But when alchemy developed into chemistry; when physics became an experimental science; when Leibnitz and Newton elaborated the infinitesimal calculus; when Watts invented an efficient steam engine: when Fulton built a successful steamboat; when Stephenson devised the locomotive and constructed a road with smooth rails, and, finally, when Siemens and Gramme produced the electric motor, vast fields of fascinating and useful material were opened for study and research. Mathematical analysis and the principles of mechanics, which had previously been devoted to the problems of physical astronomy, were now directed to the study of the transformation and transmission of energy, the theory of structures, and the phenomena of electricity. The theory of evolution has given a new meaning to all vital phenomena, and the doctrine of the conservation of energy has permeated all our study of motion and force.

In the earlier days Alexander Pope voiced the popular notion that ** The proper study of mankind is man." "Nature study," which to-day is the bright, attractive feature of the primary school, and equally the inspiring field of the savant, was not countenanced by polite society. For centuries it was held to be little short of blasphemy to wound the earth by digging for ores which were intended to be hidden away from our sight and touch, or to attempt in any way to improve upon God's workmanship. When in 1680 a Spanish engineer proposed to deepen the channels of certain rivers and to restrain their overflows in the interest of navigation, the Spanish council decreed as follows: “If it had pleased God that those rivers should have been navigable, He would not have needed human assistance to make them so; but as He has not done it, it is plain that He does not want it done," and the improvements were forbidden.

The modern thought of the creation is that it was and is a part of the all-wise plan to fill the earth with unsolved problems, the study and solution of which should develop our best powers and at the same time cultivate our highest instincts of reverence for the Creator and of love and devotion for His creatures. It has taken many centuries for the world to discover that the great forces of nature are neither sacred nor profane, neither kind nor cruel, that they neither love nor hate, and that they are more unchangeable than the stars; that shrines and temples, priests and priestesses, tripods and oracles have been in vain, except so far as they reacted upon the human heart and satisfied its natural craving for the worship of a superior being. Instead of building a temple to the far-darting Apollo or to Zeus the Thunderer, we now stretch over our cities a network for artificial lightning; and all the winds that blow and all the waters that flow are made to furnish their tribute to our comfort and pleasure. We tap the sources of endless energy and transmit it through all the ramifications of our social order, relieving mankind from heavy burdens and creating hundreds of occupations hitherto all unknown.

Out of this vast extension of the horizon of human activities and this multiplication of occupations has come an imperative demand for technically educated men. In our industrial system the crying want has been and is for men who can both plan and execute. The secret of our recent success in foreign markets lies in the fact that we have put educated brains into our products and into our methods of manufacture. Hence a score of professions unthought of one hundred years ago have been called into being, and the standards of these new professions are intellectually not one whit lower or less humane than the old. This demand for trained men of action has been followed by only a partial supply.

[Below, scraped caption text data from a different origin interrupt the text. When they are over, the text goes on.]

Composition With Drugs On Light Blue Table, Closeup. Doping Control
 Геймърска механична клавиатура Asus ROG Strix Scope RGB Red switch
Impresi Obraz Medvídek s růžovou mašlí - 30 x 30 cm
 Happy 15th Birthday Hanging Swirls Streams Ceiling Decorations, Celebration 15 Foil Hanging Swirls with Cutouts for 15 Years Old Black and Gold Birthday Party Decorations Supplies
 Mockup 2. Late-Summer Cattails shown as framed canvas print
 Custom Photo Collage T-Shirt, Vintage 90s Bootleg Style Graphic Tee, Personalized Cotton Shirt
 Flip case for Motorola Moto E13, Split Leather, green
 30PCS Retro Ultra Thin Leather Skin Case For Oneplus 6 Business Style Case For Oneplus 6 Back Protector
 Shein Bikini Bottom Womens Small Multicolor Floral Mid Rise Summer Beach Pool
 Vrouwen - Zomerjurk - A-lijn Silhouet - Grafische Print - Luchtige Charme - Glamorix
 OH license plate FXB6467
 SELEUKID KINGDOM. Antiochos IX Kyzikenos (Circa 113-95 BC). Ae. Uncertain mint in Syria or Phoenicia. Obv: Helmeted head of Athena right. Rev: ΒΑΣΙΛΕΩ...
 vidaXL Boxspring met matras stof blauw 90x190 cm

The first engineering course in the United States was organized at Troy, N. Y., in 1835. The Sheffield Scientific School of Yale was established in 1847 and the Lawrence Scientific School of Harvard in 1848. Both of these schools organized engineering courses a few years later. The Massachusetts Institute of Technology was opened in 1865. There are now engineering courses in every State in the Union, with equipments and appointments of every grade and quality.

Thus do the technical features add strength and dignity and breadth to the university. The department of letters, philosophy, and pure science still holds the center, the venerable mother of all the arts; but the younger members of her numerous and growing family will ever flock loyally and lovingly by her side. Architecture dates back from beyond the Christian era. Engineering is the product of modern scientific progress, a union of mathematical analysis and an intimate knowledge of the materials of construction. Architecture has always been regarded as one of the fine arts, and in ancient times skill in architecture and in sculpture were usually combined. The builder of the Parthenon, "the Fand that rounded Peter's dome," and the architect of St. Sophia have earned immortal fame for exquisite skill and refined taste.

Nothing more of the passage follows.